Personification  [the  attribution of human qualities to non-human things]

That Pearl Avenue "runs" past the high-school lot and "Bends" with the tracks, then "stops, cut off" suggests life on the street and helps the reader to visualize the settings.

The gas pumps are described as "idiot pumps" with "rubber elbows" and "nostrils" and "squat, without a head"  like a "football type."  This personification underscores the ex-basketball player's failure as it suggests that only the idiot pumps now are Flick's audience.

Flick nods to "bright applauding tiers/ Of Necco Wafers, Nibs, and Juju Beads."  The only audience he has is not human; behind Flick is merely a counter of snacks.

That Flick has such "fine and nervous" hands "makes no difference to the lug wrench" suggests that the lug wrench can think.

Simile [a comparison using like or as ]

In describing Flick, the Updike writes, "His hands were like wild birds."

Imagery  [descriptive language to recreate sensory experiences]
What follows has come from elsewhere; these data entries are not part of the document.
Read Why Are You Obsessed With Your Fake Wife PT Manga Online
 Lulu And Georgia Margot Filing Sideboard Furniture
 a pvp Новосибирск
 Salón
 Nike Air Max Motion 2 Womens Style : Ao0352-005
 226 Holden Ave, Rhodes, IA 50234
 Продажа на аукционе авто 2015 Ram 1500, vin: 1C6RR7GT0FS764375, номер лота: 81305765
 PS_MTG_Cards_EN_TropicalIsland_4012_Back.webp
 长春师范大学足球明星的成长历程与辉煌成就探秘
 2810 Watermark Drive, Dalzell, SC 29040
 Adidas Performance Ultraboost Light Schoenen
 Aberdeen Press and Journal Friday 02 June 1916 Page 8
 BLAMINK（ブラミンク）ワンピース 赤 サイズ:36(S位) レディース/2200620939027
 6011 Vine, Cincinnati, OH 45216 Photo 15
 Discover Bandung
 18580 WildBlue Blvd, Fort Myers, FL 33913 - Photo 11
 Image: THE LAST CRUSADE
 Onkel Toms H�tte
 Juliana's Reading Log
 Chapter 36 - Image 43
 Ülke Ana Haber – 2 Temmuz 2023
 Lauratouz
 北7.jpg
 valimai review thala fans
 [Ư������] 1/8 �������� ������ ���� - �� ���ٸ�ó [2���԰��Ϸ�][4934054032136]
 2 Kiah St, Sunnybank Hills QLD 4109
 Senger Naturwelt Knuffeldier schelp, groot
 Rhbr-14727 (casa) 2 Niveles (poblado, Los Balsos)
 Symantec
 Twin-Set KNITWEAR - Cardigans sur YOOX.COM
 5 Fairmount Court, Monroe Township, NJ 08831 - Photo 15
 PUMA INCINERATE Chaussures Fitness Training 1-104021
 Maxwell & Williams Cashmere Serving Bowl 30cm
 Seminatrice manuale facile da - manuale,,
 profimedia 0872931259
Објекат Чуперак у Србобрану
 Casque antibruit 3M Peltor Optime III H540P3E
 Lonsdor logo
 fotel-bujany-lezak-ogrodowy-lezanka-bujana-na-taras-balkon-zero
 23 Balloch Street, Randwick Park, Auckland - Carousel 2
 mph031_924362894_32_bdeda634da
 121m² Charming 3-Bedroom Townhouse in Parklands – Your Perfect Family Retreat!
In stanza two the image of Flick towering over the "idiot pumps" suggests that at one time Flick was like nobility among the townspeople.

"the bright applauding tiers" suggests the crowds that once came to watch the town's superstar.

Flick now is no superstar; he is "Grease-gray," dirty from his menial job.

Parallelism [two or more lines are directly related in structure]

The parallel structure in the verb phrases "just sells gas,/Cehck oil, and changes flats" creates a routine sound to Flick's menial job.

Each stanza is six lines long, with each line about the same length.  This appearance also suggests the routine life of Flick now in contrast to the excitement of having been a basketball star.

Blank verse

The poem is written in blank verse, unrhymed iambic pentameter which lends the poem a natural feeling, almost conversational.

Metaphor

The poem has a controlling metaphor in which Flick is like the street of the first line.  He was once a "Pearl," but because of missed opportunities, he also has been "stopped" and "cut off" before having "a chance" to go further in life.

All of the above-mentioned devices contribute to the theme of the poem.  For, with the use of these poetic devices, John Updike captures the poignancy of the misfortune of people who miss opportunities to capitalize upon their talents.